Short descriptive text snippets:
┏━━

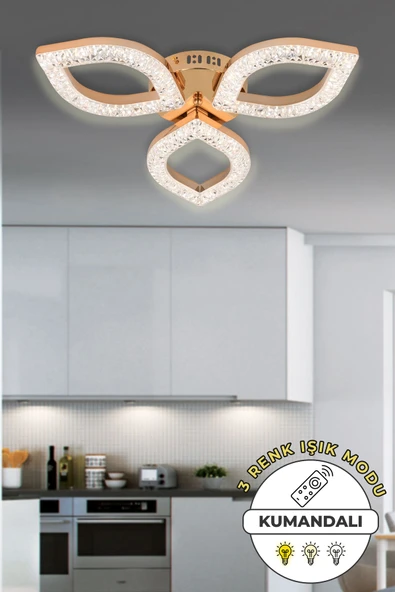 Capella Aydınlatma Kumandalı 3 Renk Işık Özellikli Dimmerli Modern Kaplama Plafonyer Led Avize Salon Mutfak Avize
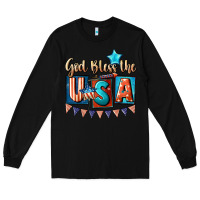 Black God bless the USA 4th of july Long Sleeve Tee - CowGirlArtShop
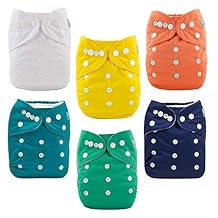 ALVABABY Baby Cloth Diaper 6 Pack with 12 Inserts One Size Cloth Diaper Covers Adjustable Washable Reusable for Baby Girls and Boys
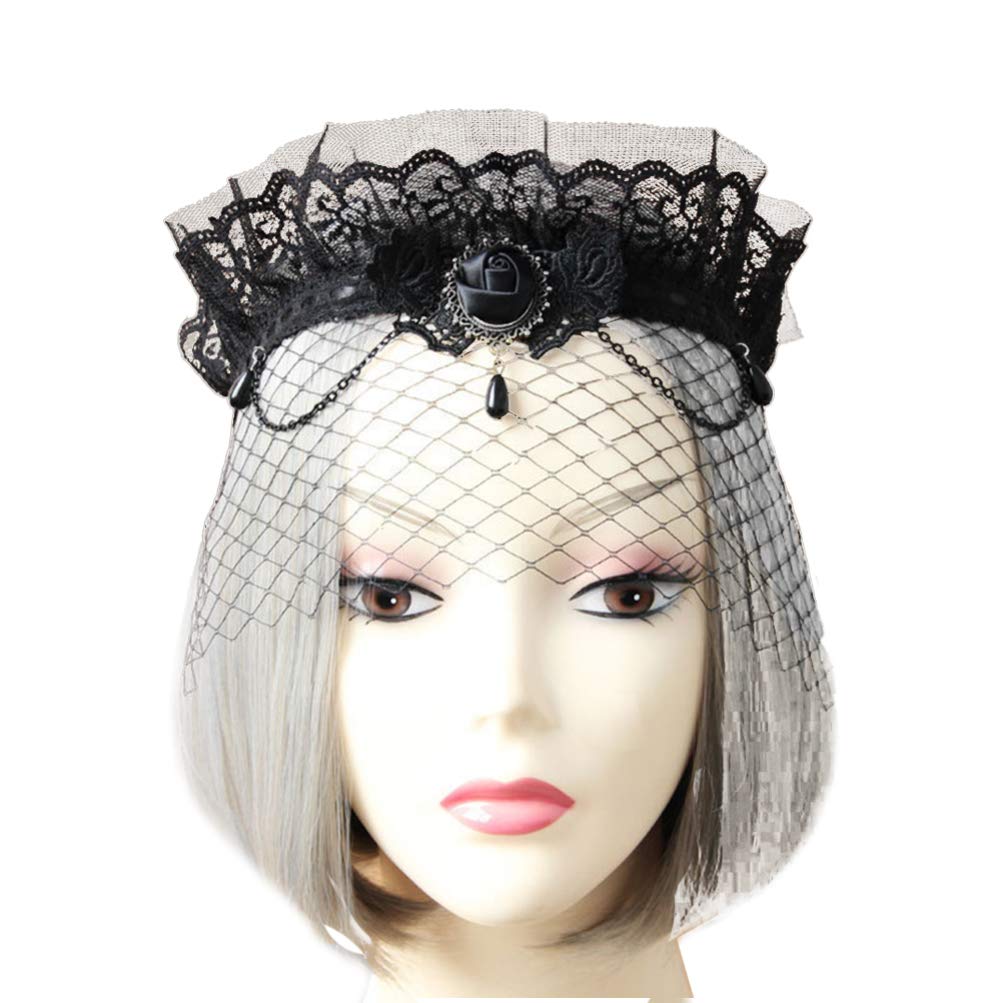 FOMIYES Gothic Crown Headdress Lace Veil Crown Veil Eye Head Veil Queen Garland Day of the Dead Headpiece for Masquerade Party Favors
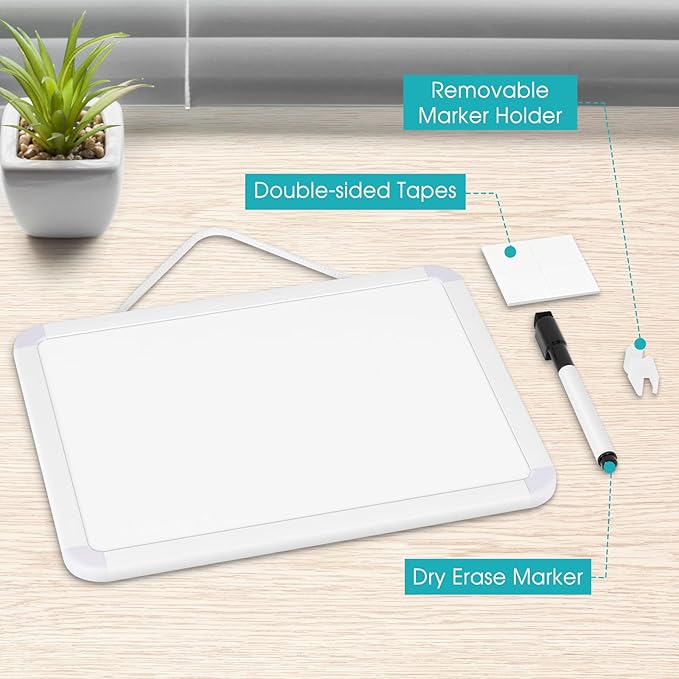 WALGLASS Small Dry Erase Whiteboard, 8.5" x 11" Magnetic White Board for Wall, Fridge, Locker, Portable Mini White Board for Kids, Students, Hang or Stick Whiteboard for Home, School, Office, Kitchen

┗━━

WHAT THE TASK ASKS: Exact repeats of the lines from the first one in the data through the line containing "ALVABABY Baby Cloth" make up the answer. Pictures do not.

TASK ANSWER:
 Capella Aydınlatma Kumandalı 3 Renk Işık Özellikli Dimmerli Modern Kaplama Plafonyer Led Avize Salon Mutfak Avize
 Black God bless the USA 4th of july Long Sleeve Tee - CowGirlArtShop
 ALVABABY Baby Cloth Diaper 6 Pack with 12 Inserts One Size Cloth Diaper Covers Adjustable Washable Reusable for Baby Girls and Boys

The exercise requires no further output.